*** STORED DATA ***

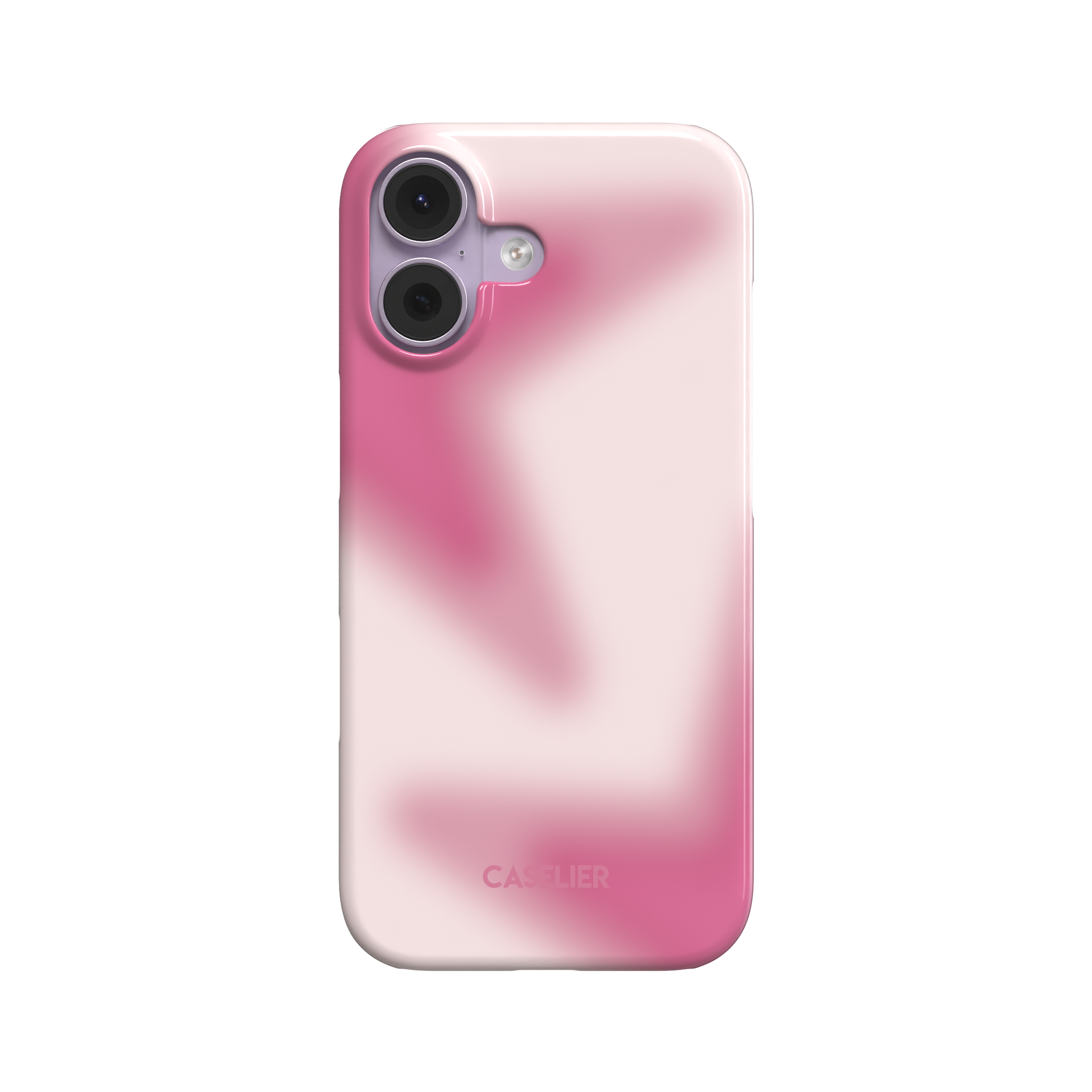 Stars Blur phone case in pink — soft rose and blush white aura gradient with blurred star-shaped forms, snap case style, rear view on white background, phone case by Caselier - snap case, front view | Caselier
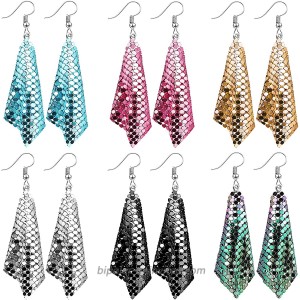 6 Pairs Sequin Dangle Earrings Mesh Grid Tassel Drop Earrings Colorful Sequin Earrings for Women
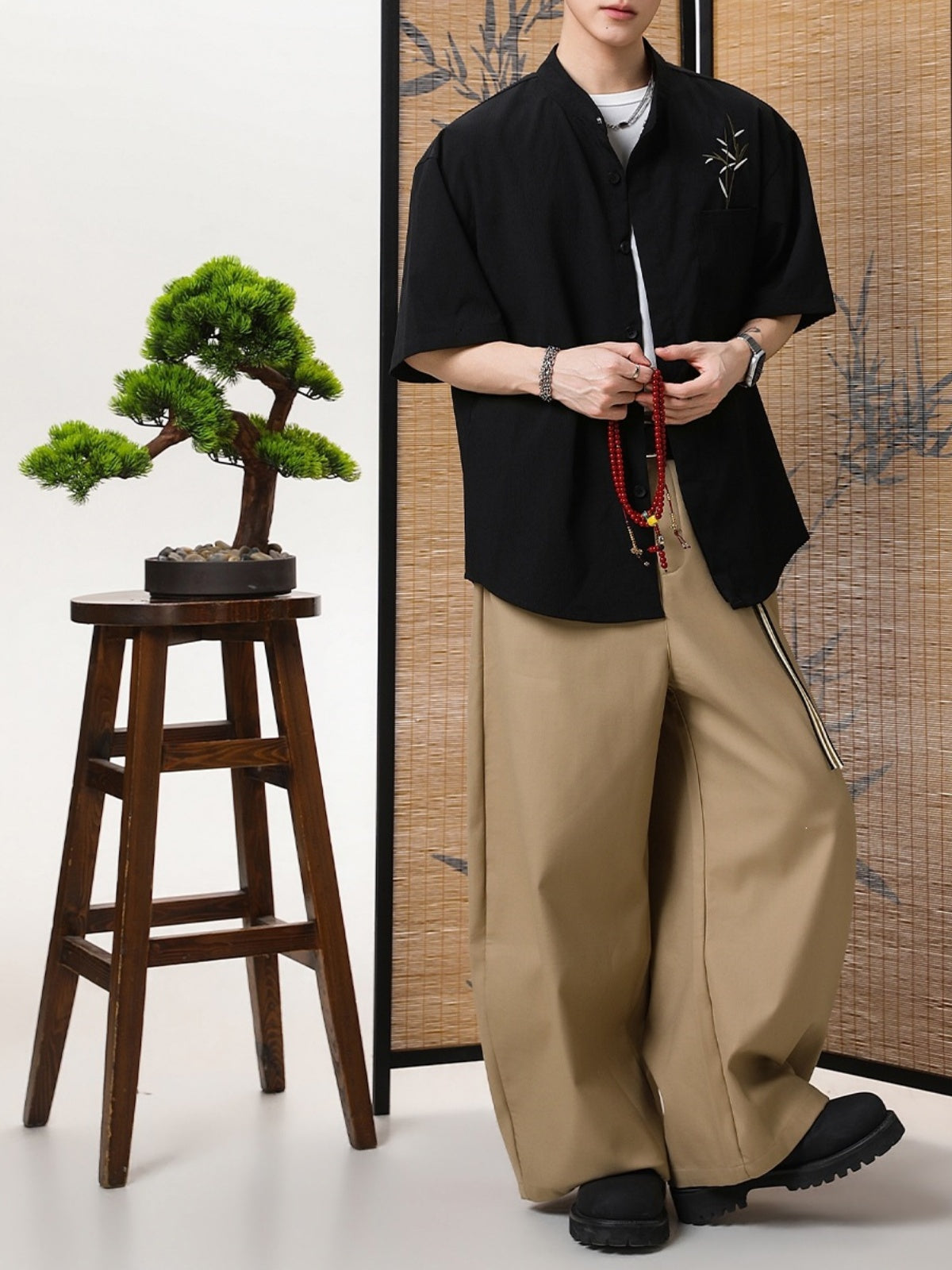 New Chinese Style Breathable Bamboo Leaves Embroidery Shirts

***

▸ TASK DIRECTIONS: Write out the material above exactly. Skip the pictures.

▸ EXPECTED ANSWER:
 Stars Blur phone case in pink — soft rose and blush white aura gradient with blurred star-shaped forms, snap case style, rear view on white background, phone case by Caselier - snap case, front view | Caselier
 6 Pairs Sequin Dangle Earrings Mesh Grid Tassel Drop Earrings Colorful Sequin Earrings for Women
 New Chinese Style Breathable Bamboo Leaves Embroidery Shirts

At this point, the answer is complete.